Selon la Ficopam (Fédération des industries de la conserve des produits agricoles du Maroc), la consommation moyenne marocaine est de l'ordre de 22.700 tonnes/an, soit près de 700 grammes par tête d'habitant. Le chiffre d'affaires brassé, à ce titre, avoisine le milliard de dirhams. Mais demeure constitué à raison de plus de 50% par les importations. Pour satisfaire ses besoins, le Maroc importe 13.500 tonnes de divers épices et aromates. Du bon vieux temps, la couverture était limitée à des origines réputées pour la qualité de leurs produits comme la Chine, l'Inde, l'Indonésie, le Brésil ou encore le Sri-Lanka. Actuellement, d'autres pays s'ajoutent aux fournisseurs traditionnels.
En tête de liste des produits importés figurent le poivre et le cumin qui concentrent 8.000 tonnes.
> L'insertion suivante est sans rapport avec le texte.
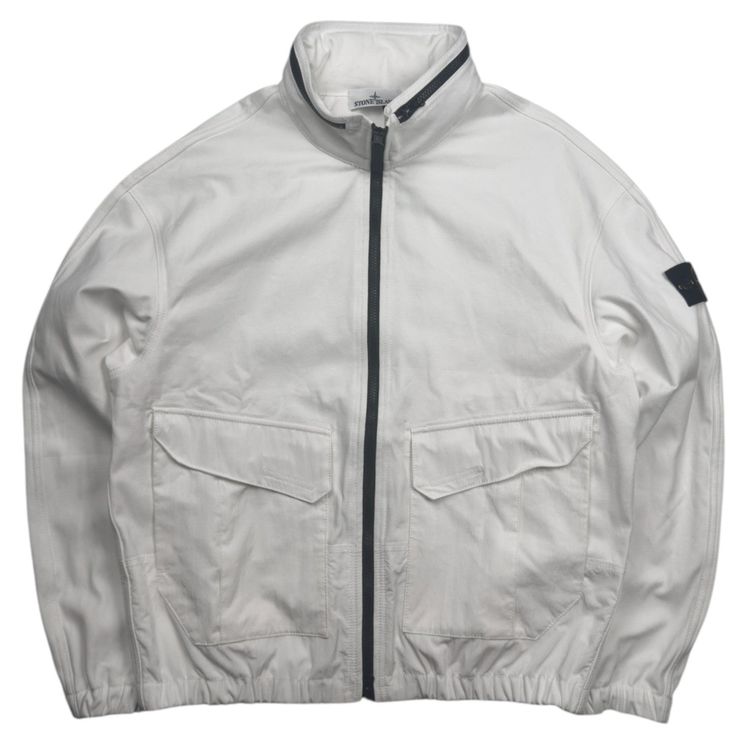 S/S 26 Stone Island Organic Panama Cotton + Nylon Bomber Jacket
Ils sont suivis par le gingembre (1.700), la cannelle (1.000), le curcuma (700), le fenugrec (500) et 1.100 tonnes d'épices diverses. Cependant, la production nationale qui porte sur 9.200 tonnes environ est constituée essentiellement du piment rouge (6.000 tonnes), des graines de coriandre (2.000) et du cumin (200). Tandis que les divers aromates totalisent 1.000 tonnes.
Ces chiffres montrent que cinq produits importés et deux d'origine locale représentent près de 85% de la consommation globale du Maroc.
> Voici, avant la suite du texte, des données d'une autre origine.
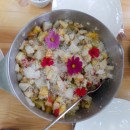 Geschmückter Obstsalat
Selon Driss Terrab, président de l'Association des conditionneurs des produits alimentaires (Acopa), affiliée à la Ficopam, deux périodes ont marqué l'évolution de la filière. Avant la fin des années 1990, celle-ci était relativement structurée aussi bien à l'importation qu'en ce qui concerne la production locale. La fabrication du piment qui prédomine à raison de 65% était assurée par 9 unités industrielles disposant de marques et d'une qualité reconnue mondialement. «On se souvient des marques comme L'étoile, Le minaret, Geralda, La rose, Le coq, Témara et bien d'autres», se remémore Terrab. Pas moins de 22 marques se partageaient le marché marocain du piment moulu durant les années 50 et jusqu'à la fin de la décennie 70. «Seule une unité industrielle vivote encore aujourd'hui face à la centaine d'ateliers “artisanaux” qui produisent dans des conditions qui n'ont rien à voir avec les règles d'hygiène les plus élémentaires», s'indigne Terrab. Au chapitre de l'importation, les produits bas de gamme prédominent. Le président de l'Acopa cite l'exemple du poivre dont le niveau de consommation ne descend pas en deçà de 4.000 tonnes/an alors que les statistiques officielles signalent un volume à l'importation de l'ordre de 500 tonnes annuellement. «D'où vient la différence?» s'interroge Driss Terrab. Tout simplement de la contrebande qui ignore par définition les spécifications physiques et chimiques du produit. «Au demeurant, constate-t-il amère, le contrôle officiel ne s'intéresse qu'aux marques identifiées». Or, qu'en est-il au juste? Les produits distribués sous forme conditionnée représentent à peine 5% du marché. Tout le reste est en vrac.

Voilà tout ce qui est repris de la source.